Details
-
Type:
Story
-
Status: Done
-
Resolution: Done
-
Fix Version/s: None
-
Story Points:3
-
Epic Link:
-
Sprint:AP F19-6 (November)
-
Team:Alert Production
Description
Discussing the Gen 3 migration of lsst.ap.pipe.ApPipeTask and lsst.verify.tasks.PpdbMetricTask on #dm-science-pipelines, Jim Bosch and I concluded that the cleanest trigger for running a PpdbMetricTask would be to provide a dataset that indicates that the database contains all information for a particular data ID. I believe this can also simplify the problem of providing Butler-like input to PpdbMetricTask.
Prototype this sytem in a Gen 2 pipeline by doing the following:
- Create a new dataset type (ppdbConfig?), with visit+ccd granularity (matching the units of work of ApPipeTask).
- Make ApPipeTask dump its PPDB config at the end of DB-related processing for a particular data ID. Note that while the DB config is fixed, we still should have a dataset for each data ID so that Gen 3 code could know which units of processing are "DB complete".

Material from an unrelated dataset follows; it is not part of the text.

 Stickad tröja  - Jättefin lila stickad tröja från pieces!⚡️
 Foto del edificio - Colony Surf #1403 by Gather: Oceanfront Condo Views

- Create a new Task for creating a PPDB from a ppdbConfig, then configure PpdbMetricTask to use it in ap_verify runs.
These steps should test all aspects of the system except for tracking dependencies between pipeline and metric tasks, which is a Gen 3-only feature.

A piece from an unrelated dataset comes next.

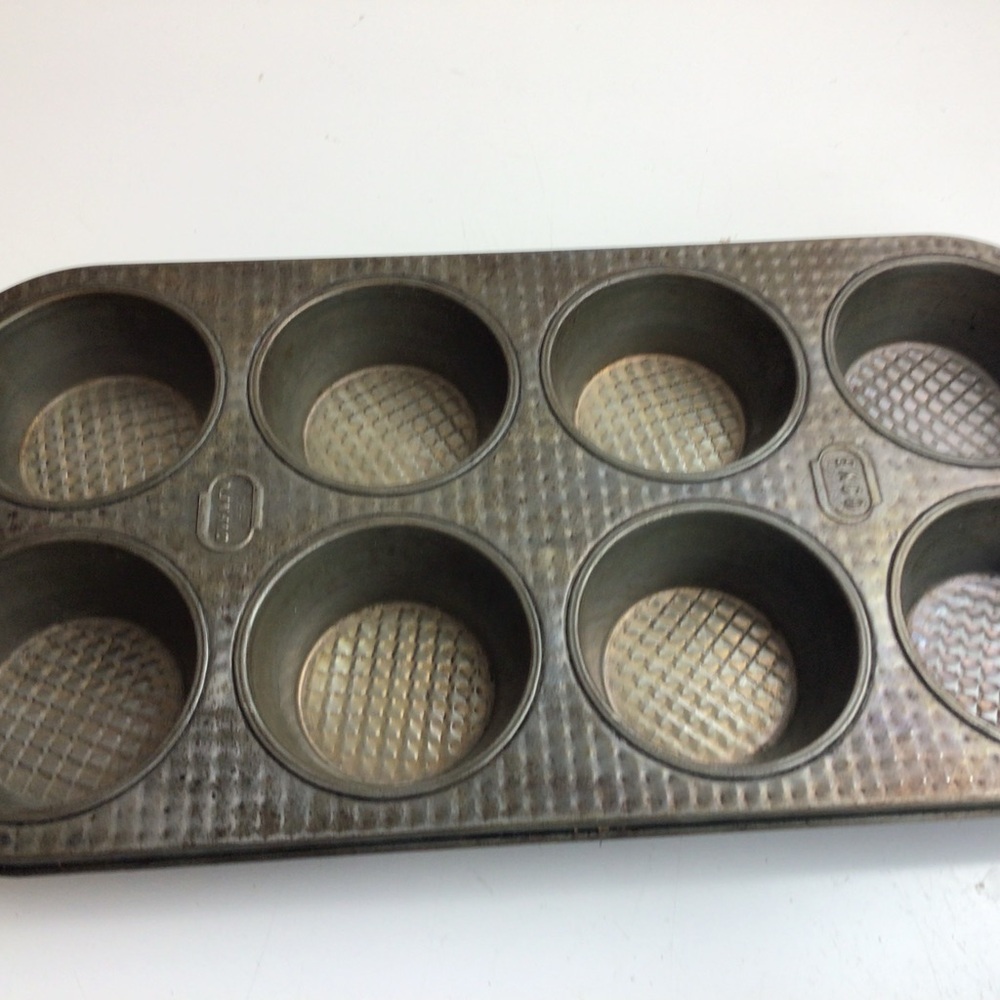 Nonstick Muffin Pan - Brown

This ticket should also review the dimensionality of lsst.verify.tasks.PpdbMetricConnections. The only extant concrete PpdbMetricTask, lsst.ap.association.metrics.TotalUnassociatedDiaObjectsMetricTask, runs at collection granularity and produces a collection-grained measurement, but finer-grained database metrics are possible. Adding fine-grained inputs, as proposed above, is a good chance to make sure the outputs do everything we want.